[Opening Exercise data section]

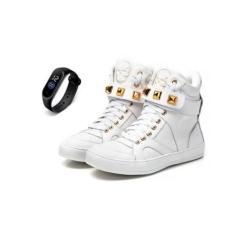 Tenis Sneaker Fitness Feminino Botinha Academia Couro + Relógio - Bawm
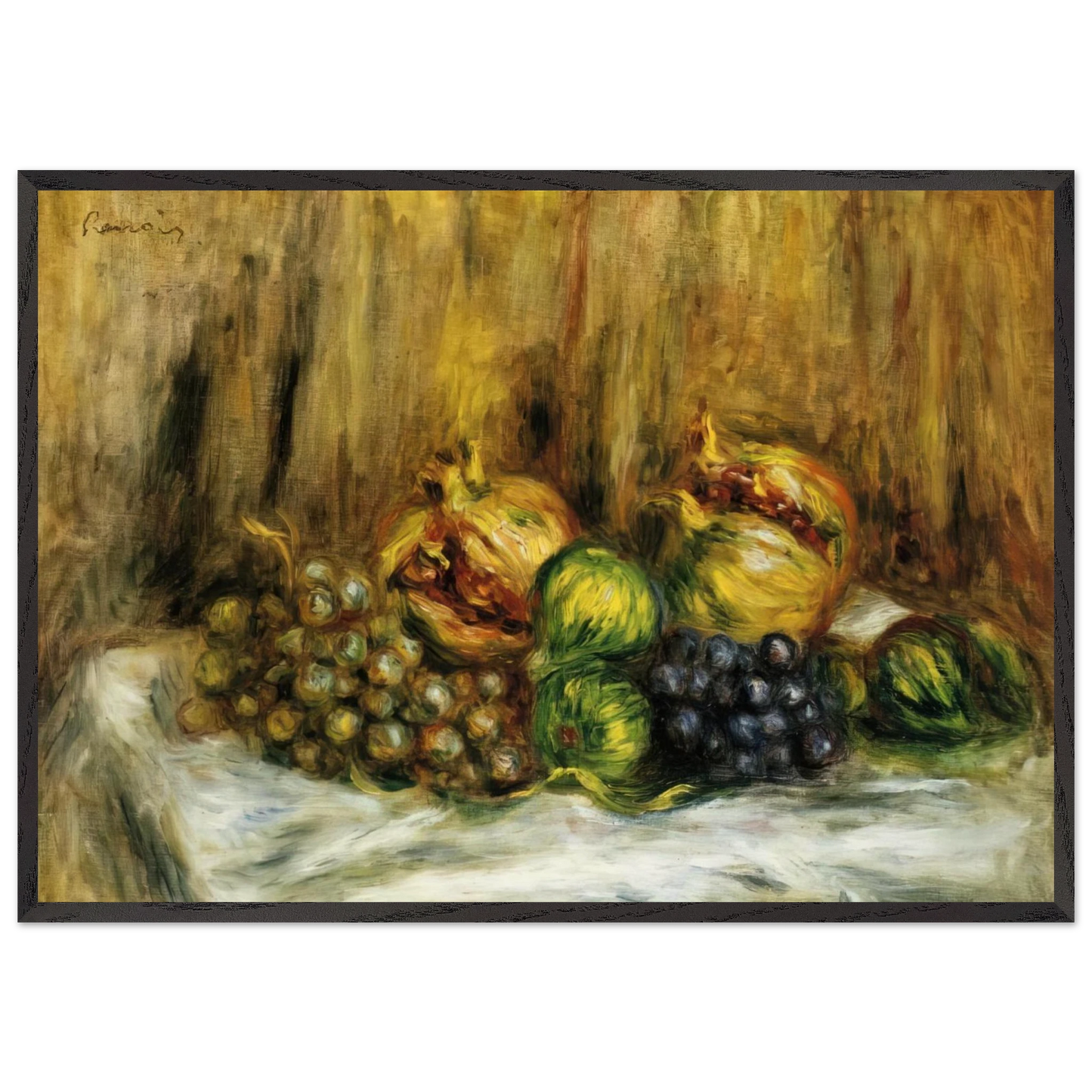Still Life with Grapes N1 - Pierre-Auguste Renoir 70x100 cm / 28x40 inches Framed Art Print – Black Wooden Frame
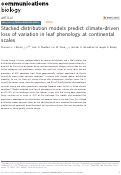 Cover page: Stacked distribution models predict climate-driven loss of variation in leaf phenology at continental scales.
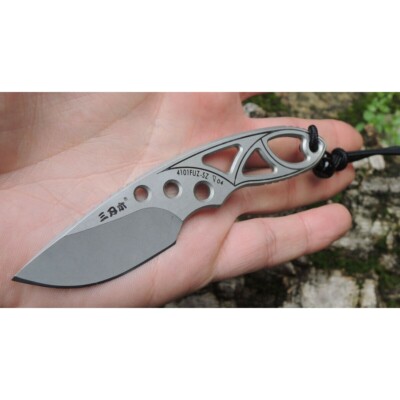 SRM 4101 Concealed Carry Neck Knife Fixed Blade Sandvik Flashlight Sanrenmu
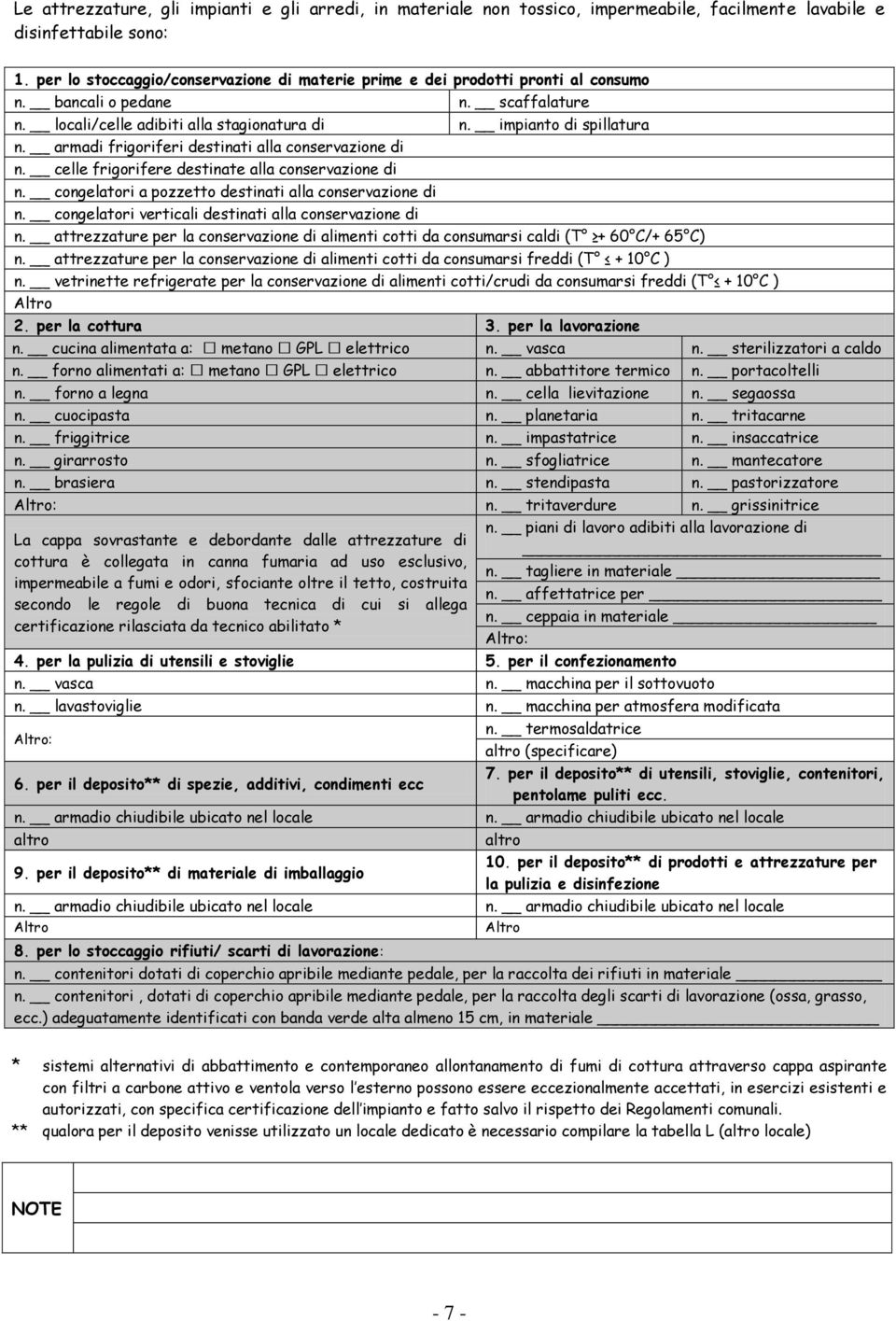 armadi frigoriferi destinati alla conservazione di n. celle frigorifere destinate alla conservazione di n. congelatori a pozzetto destinati alla conservazione di n.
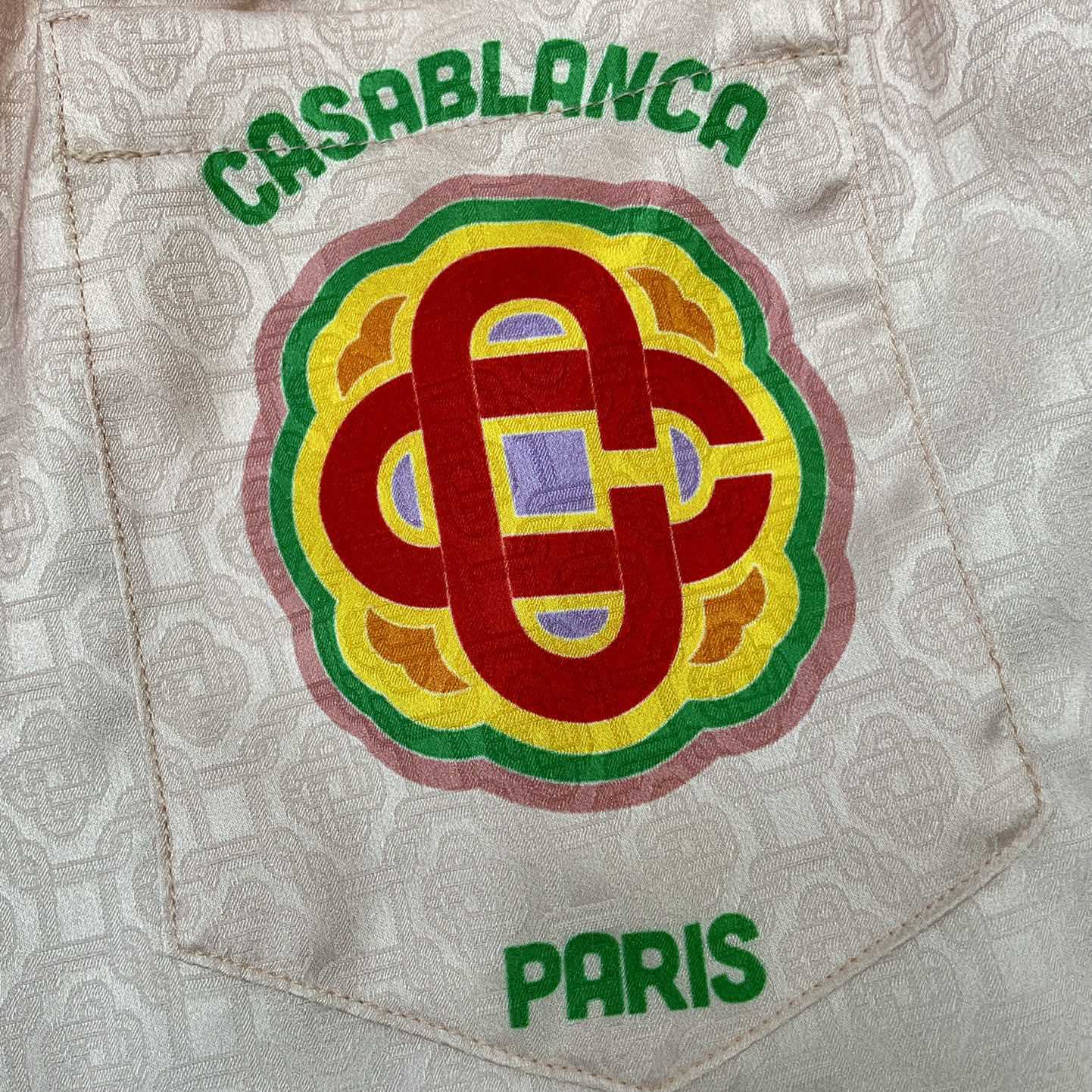 Casablanca Rainbow Monogram Silk Shorts   3451 - EUR FASHION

[Closing Exercise data section]

» **Exercise requirements**
Only the lines above starting with the line with "Cover page: Stacked" and going on through the line with "SRM 4101 Concealed" belong in the answer; repeat them exactly, minus any picture.

» **Reply to the task**
 Cover page: Stacked distribution models predict climate-driven loss of variation in leaf phenology at continental scales.
 SRM 4101 Concealed Carry Neck Knife Fixed Blade Sandvik Flashlight Sanrenmu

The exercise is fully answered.